Esta historia de una gran civilización desaparecida bajo las olas del Atlántico no debería ser considerada como algo que no nos concierne. Si fuera verdadera, cabría suponer que una catástrofe geológica similar podría algún día hacer desaparecer a nuestra raza. El mito se hace más tangible si se admite que también nuestras ciudades contemporáneas, parecidas a hormigueros, quedaran un día sumergidas por los océanos.
La realidad de la Atlántida se halla abundantemente atestiguada por los escritos de los autores clásicos. Así, Proclo (412-489 de nuestra Era) declara categóricamente: «La famosa Atlántida no existe, pero no es posible dudar que existió en otro tiempo».
En él siglo I a. C., el historiador Estrabón, refiriéndose a los trabajos de Poseidón, escribía: «Es muy posible que la historia concerniente a la isla de Atlántida no proceda de la imaginación».
Nada nos prueba que seamos los primeros hombres civilizados sobre la Tierra. Otras civilizaciones pudieron preceder a la nuestra. Ello se desprende del folklore, así como de la Historia. Las leyendas y los mitos, parecidos a cepas terrestres, suministran indicaciones sobre acontecimientos históricos que los hombres han olvidado.
«No me corresponde a mí la última palabra. Pero sé que se aproxima el tiempo en que esa palabra será pronunciada y en que un arco iris de conjeturas referentes a la Atlántida desaparecida entrará en un gran cuadro conteniendo las ruinas mayas, las pirámides egipcias, los templos de la India y las leyendas de Oceanía», escribía antaño el poeta ruso Balmont.
El mito griego de Deucalión y Pirro, que descienden del Parnaso después del Diluvio, únicos seres vivos en un mundo muerto, no es sino una de las numerosas leyendas que se refieren a los supervivientes del último cataclismo terrestre.
El Deus ex machina de que los antiguos griegos se servían para provocar el desenlace de sus tragedias podría reflejar el recuerdo popular de una época en que «seres superiores» aterrizaban en su máquina volante a fin de contribuir al restablecimiento de la Humanidad después del gran cataclismo.
«Así, al principio, los dioses descendían a menudo sobre la Tierra: era su campo de deporte. Pero, cuando la Tierra se llenó de seres mortales, las visitas de los inmortales se espaciaron cada vez más. Sólo algunos hombres habían conservado el privilegio de visitar de vez en cuando a los inmortales en el cielo, para negociar con ellos como representantes de la Humanidad», escribe el profesor H. L. Hariyappa en su obra Las leyendas del Rigveda a través de los tiempos.
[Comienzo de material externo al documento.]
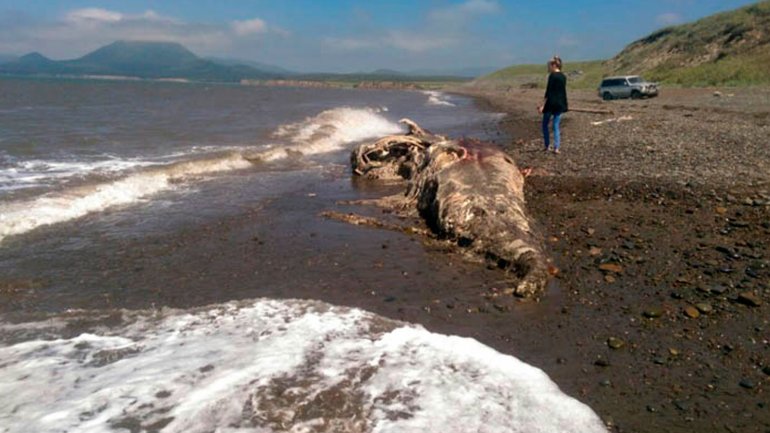 Extraña criatura marina desconcierta a los científicos (Fotos)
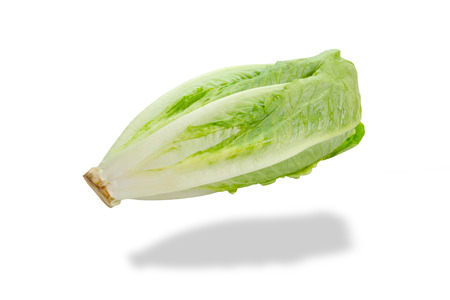 Romaine Lettuce isolated on whiteの写真素材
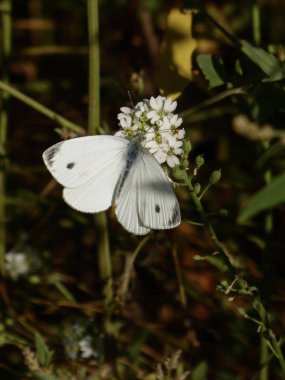 Çiçeklerin üzerinde dinlenen lahanaya yakın plan beyaz kelebek.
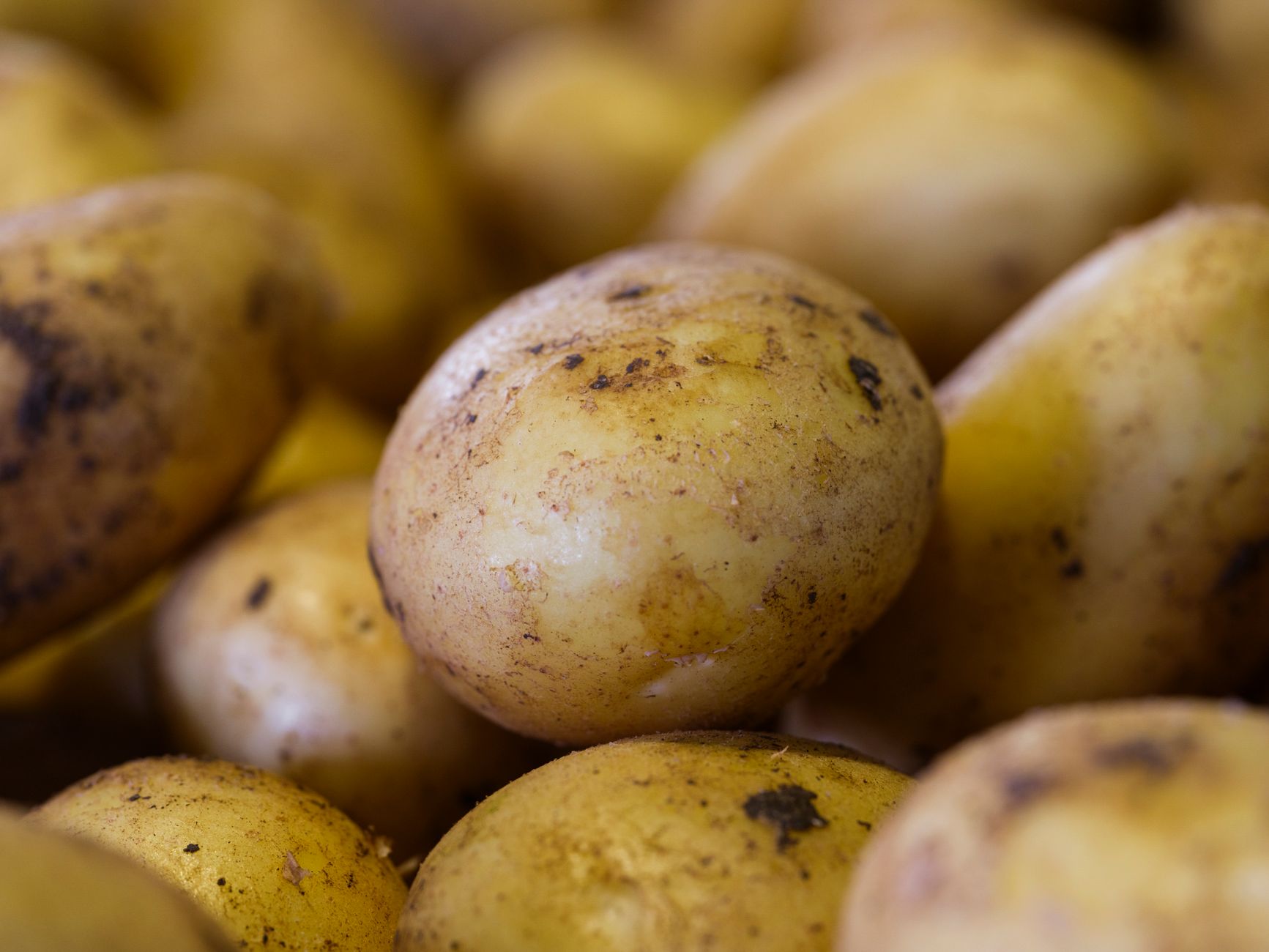 Au Gratin Potatoes: Creamy, Cheesy, and Irresistibly Delicious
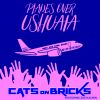 Download track Planes Over Ushuaia (Cats On Bricks Festival Hands Up Mix)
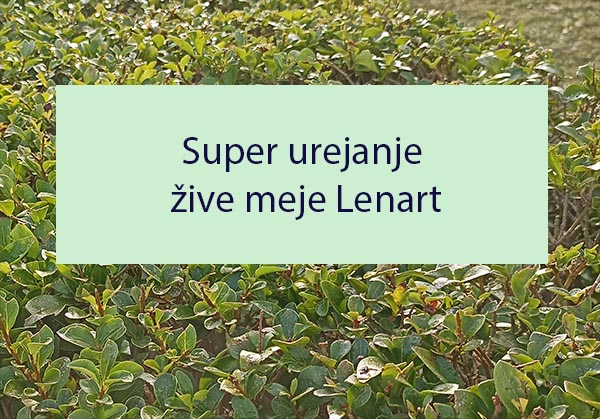 Super urejanje žive meje Lenart Super urejanje žive meje Lenart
Y la leyenda de Dédalo e Ícaro, que, provistos de alas, huyeron de Creta, ¿acaso no es el eco de un pasado lejano en que la aviación era conocida por todos?
Tenochtitlán, capital de los aztecas, se hallaba situada sobre una isla en medio de un lago, rodeada de canales concéntricos. La ciudad estaba construida de esta manera para ajustarse a los planos elaborados en el Este por Aztlán, de quien aseguraban descender los aztecas. ¿Puede verse una simple coincidencia en el hecho de que esta ciudad de Tenochtitlán constituía una réplica casi exacta de la capital de la Atlántida, tal como la ha descrito Platón en su Cridas?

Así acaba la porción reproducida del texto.